Zepsuł mi się telefon kiedyś i postanowiłem oddać baterię. Zainteresowanych było tryliard osób, choć aparat zdecydowanie niszowy. W końcu się z kimś umówiłem i przyjechał. Oczywiście wcale nie miał takiego telefonu. Firma - owszem zgadzała się, ale model całkiem inny. I ja się pytam... po cholerę mu to? Jak będzie zbyt duża, to se młotkiem wbije? A jak zbyt mała? Zapałkami dopcha?
Podobną sytuację miałem z baterią do aparatu foto. Aż się wkurzyłem i wystawiłem za 5 złotych. I co? Zero chętnych! Tzn. trafił się jeden pan, umówił, przyjechał, kupił. Bez żadnego pierniczenia w stylu "panie, a do zegarka się zmieści?". Od tej pory nie oddaję, bo widzę, że ludzie głupieją. Pięć złotych, to nie majątek, a włącza myślenie...

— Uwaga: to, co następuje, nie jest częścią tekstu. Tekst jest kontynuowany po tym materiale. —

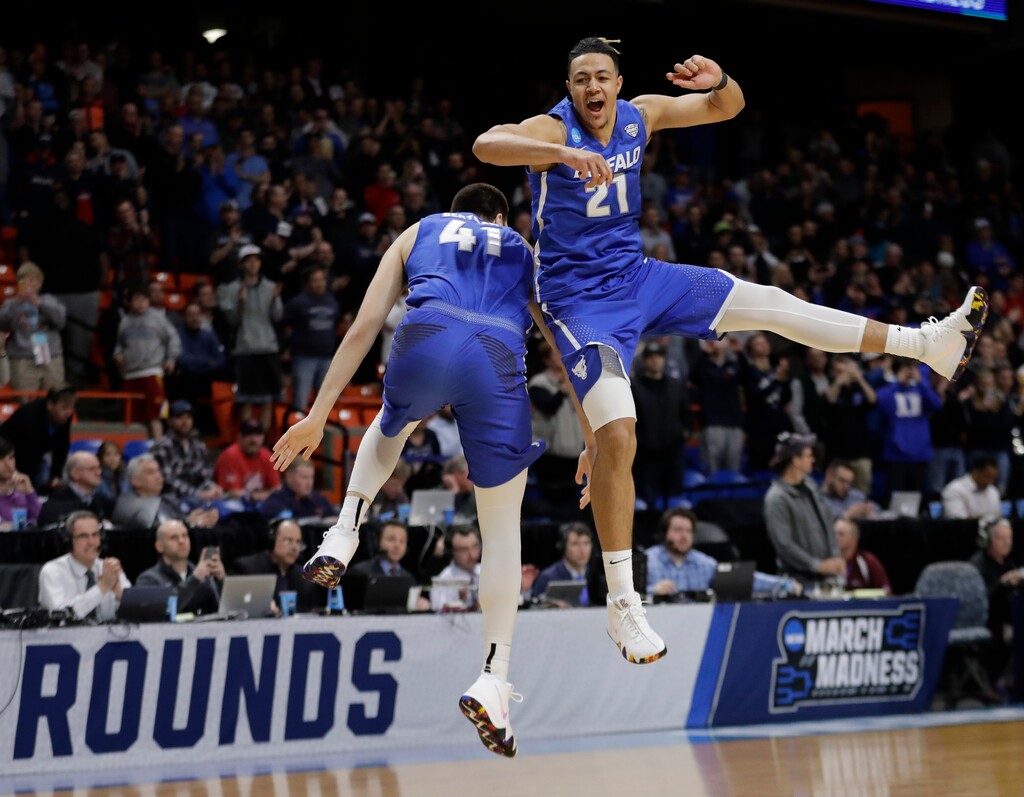 Buffalo's Dominic Johnson, right, and Brock Bertram celebrate after Buffalo upset Arizona 89-68 in first-round game in the NCAA men's college basketball tournament Thursday, March 15, 2018, in Boise, Idaho. (AP Photo/Ted S. Warren)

Na jedno nie znalazłem jeszcze sposobu. Skoro piszę "odbiór własny", to chyba znaczy, że nie wysyłam. Nie i koniec, bo mi się nie chce i nie mam na to czasu. Co drugie zapytanie dotyczy natomiast wysyłki. Kurde! Nie dość, że za darmo, to jeszcze mam na pocztę dymać i w kolejkach stać? Paranoja jakaś.
Bardzo mi się podobają piece kaflowe i chciałbym taki mieć. Czasami ktoś oddaje, ale "demontaż i odbiór własny". Jeszcze mi do głowy nie przyszło, by spytać, czy mi wyśle.